Снова заорали, завизжали, завопили, но сквозь этот собачий базар я уже отчетливо слышу голоса: «Замолчите, дайте Парацельсу говорить!.. И я жду новой паузы и сразу же включаюсь в нее:
— Глупость, суеверия и невежество — вот демоны, мешающие взглянуть нам на мир открытыми глазами, черными шорами закрывающие нам глаза, как рудничной лошади…

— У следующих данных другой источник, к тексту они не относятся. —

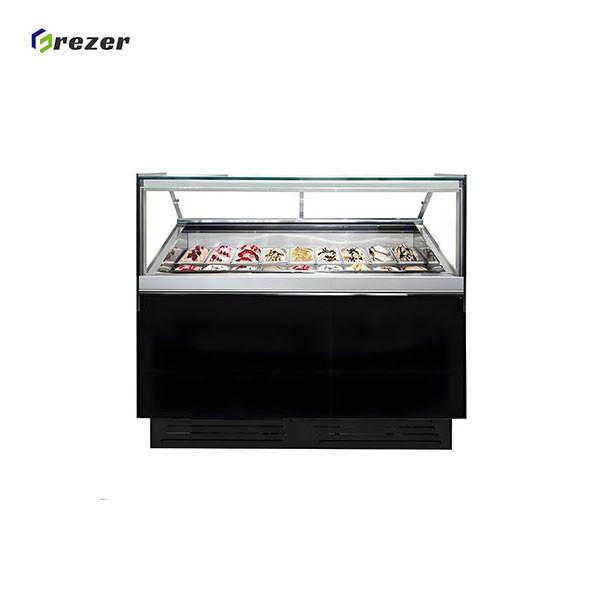 Auto Defrost Ice Cream Display Freezer 12 Pans / 16 Pans Ice Cream Freezer Case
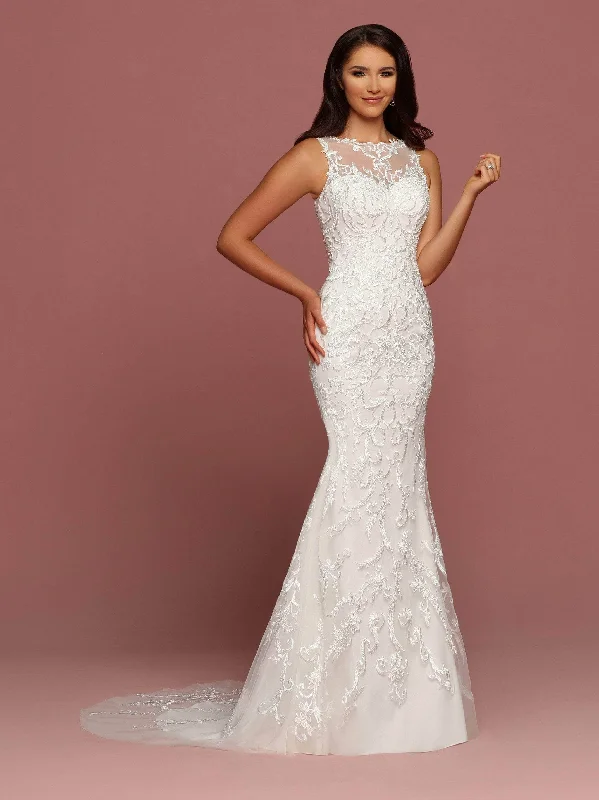 Embellished Gown Da Vinci 50481 - Illusion Bateau Embroidered Bridal Gown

Среди преподавателей — борьба: некоторые хотят встать и громко, со скандалом выйти из зала, но Наузен и члены магистрата сидят на своих местах с непроницаемыми лицами, и остальной синклит удерживает нетерпеливых от решительных цоступков. Но кричат они дружно:
— Он сам невежда!
— Дикий осел из Эйнзидельна!
— Пусть убирается к своим швабам!
— Колдун! Пьяница!
— Всех присутствующих, кто хочет следовать новыми путями в науке, я зову за собой…
— Распутник!
— Пьяница!
— Посол Люцифера!
— Я не буду учить вас риторике — пусть ораторы упражняются в словах, а расскажу я вам обо всех известных мне болезнях, об устройстве человеческого организма, о силах, им управляющих, о причинах расстройства этих сил; я буду читать вам два часа в день великую премудрость химии, которая есть сущность всех превращений в нашей плоти; я поведу вас к постели больного, чтобы вы узнали опыт распознавания болезней и самый короткий путь лечения их. Мы пойдем с вами за город, и объясню я вам значение и возможности в нашем прекрасном и добром искусстве растений и минералов…
— Проходимец!
— Замолчите! Дайте ему говорить!
— Жулик!
— Тихо! Тихо! Мы хотим слушать!
— Он украл диплом врача!
— Вы, завистники, дайте послушать великого доктора!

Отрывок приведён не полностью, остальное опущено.